**Data listing:**

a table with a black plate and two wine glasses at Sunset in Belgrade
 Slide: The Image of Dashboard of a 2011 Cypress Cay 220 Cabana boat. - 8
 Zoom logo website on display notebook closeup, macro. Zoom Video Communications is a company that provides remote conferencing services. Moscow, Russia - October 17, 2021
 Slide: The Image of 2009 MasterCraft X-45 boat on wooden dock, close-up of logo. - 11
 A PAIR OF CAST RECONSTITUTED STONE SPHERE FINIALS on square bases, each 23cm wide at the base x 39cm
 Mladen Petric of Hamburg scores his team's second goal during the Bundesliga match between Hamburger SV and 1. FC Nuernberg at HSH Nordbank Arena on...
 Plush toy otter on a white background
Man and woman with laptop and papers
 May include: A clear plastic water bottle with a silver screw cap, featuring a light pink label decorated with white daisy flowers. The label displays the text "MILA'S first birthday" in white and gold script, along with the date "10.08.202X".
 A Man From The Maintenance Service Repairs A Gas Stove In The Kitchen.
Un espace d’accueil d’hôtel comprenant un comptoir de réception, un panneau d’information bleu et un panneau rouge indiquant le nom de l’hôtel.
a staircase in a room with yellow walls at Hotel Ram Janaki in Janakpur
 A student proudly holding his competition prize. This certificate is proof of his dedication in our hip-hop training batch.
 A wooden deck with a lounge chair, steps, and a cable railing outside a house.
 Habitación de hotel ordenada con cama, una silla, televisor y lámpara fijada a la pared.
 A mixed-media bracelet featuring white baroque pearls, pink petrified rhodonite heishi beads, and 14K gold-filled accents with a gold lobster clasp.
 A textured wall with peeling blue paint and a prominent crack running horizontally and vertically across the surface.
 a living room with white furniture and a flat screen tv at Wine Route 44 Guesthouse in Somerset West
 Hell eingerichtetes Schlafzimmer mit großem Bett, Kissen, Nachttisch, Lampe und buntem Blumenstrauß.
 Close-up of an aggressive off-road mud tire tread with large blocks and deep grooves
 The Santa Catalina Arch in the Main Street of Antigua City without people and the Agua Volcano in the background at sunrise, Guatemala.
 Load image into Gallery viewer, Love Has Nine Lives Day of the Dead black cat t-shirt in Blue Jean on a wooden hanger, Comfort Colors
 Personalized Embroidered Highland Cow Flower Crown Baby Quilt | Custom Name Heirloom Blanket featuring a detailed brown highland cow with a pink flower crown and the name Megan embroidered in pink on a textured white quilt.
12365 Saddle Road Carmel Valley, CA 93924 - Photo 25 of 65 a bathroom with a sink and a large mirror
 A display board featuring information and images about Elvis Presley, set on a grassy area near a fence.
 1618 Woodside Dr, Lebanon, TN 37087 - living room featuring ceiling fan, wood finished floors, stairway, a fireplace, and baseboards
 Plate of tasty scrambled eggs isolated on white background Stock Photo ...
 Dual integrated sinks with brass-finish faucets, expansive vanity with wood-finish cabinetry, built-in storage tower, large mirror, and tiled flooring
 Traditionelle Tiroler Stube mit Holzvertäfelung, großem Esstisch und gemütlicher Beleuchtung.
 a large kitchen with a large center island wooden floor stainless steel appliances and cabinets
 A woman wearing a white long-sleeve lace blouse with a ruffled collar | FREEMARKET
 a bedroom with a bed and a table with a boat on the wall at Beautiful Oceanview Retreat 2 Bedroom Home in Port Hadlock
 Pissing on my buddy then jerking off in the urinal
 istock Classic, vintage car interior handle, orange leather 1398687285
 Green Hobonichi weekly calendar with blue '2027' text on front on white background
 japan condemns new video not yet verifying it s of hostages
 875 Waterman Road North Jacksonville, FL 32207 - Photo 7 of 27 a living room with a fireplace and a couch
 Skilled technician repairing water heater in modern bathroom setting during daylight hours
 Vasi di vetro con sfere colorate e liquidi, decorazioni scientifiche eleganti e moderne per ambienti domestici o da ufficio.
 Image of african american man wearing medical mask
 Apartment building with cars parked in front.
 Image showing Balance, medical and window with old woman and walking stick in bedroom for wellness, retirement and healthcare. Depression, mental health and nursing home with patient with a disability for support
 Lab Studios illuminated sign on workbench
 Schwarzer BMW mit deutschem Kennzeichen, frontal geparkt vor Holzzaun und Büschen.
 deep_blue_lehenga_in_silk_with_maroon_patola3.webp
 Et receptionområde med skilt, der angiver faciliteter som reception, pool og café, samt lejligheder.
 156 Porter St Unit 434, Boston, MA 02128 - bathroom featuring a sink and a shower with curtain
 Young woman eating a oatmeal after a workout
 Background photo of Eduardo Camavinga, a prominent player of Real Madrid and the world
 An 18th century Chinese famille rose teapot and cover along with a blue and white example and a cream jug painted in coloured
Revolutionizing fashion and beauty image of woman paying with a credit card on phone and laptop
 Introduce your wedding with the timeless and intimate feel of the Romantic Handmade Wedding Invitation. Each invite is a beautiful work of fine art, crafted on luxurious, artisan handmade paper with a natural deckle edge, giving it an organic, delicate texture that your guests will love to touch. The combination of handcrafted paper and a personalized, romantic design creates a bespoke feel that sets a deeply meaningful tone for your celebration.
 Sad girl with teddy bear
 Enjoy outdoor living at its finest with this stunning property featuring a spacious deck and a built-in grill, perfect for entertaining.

**Assignment:** When a line contains the string "living", copy it from the records.

**Exercise response:**
 a living room with white furniture and a flat screen tv at Wine Route 44 Guesthouse in Somerset West
 1618 Woodside Dr, Lebanon, TN 37087 - living room featuring ceiling fan, wood finished floors, stairway, a fireplace, and baseboards
 875 Waterman Road North Jacksonville, FL 32207 - Photo 7 of 27 a living room with a fireplace and a couch
 Enjoy outdoor living at its finest with this stunning property featuring a spacious deck and a built-in grill, perfect for entertaining.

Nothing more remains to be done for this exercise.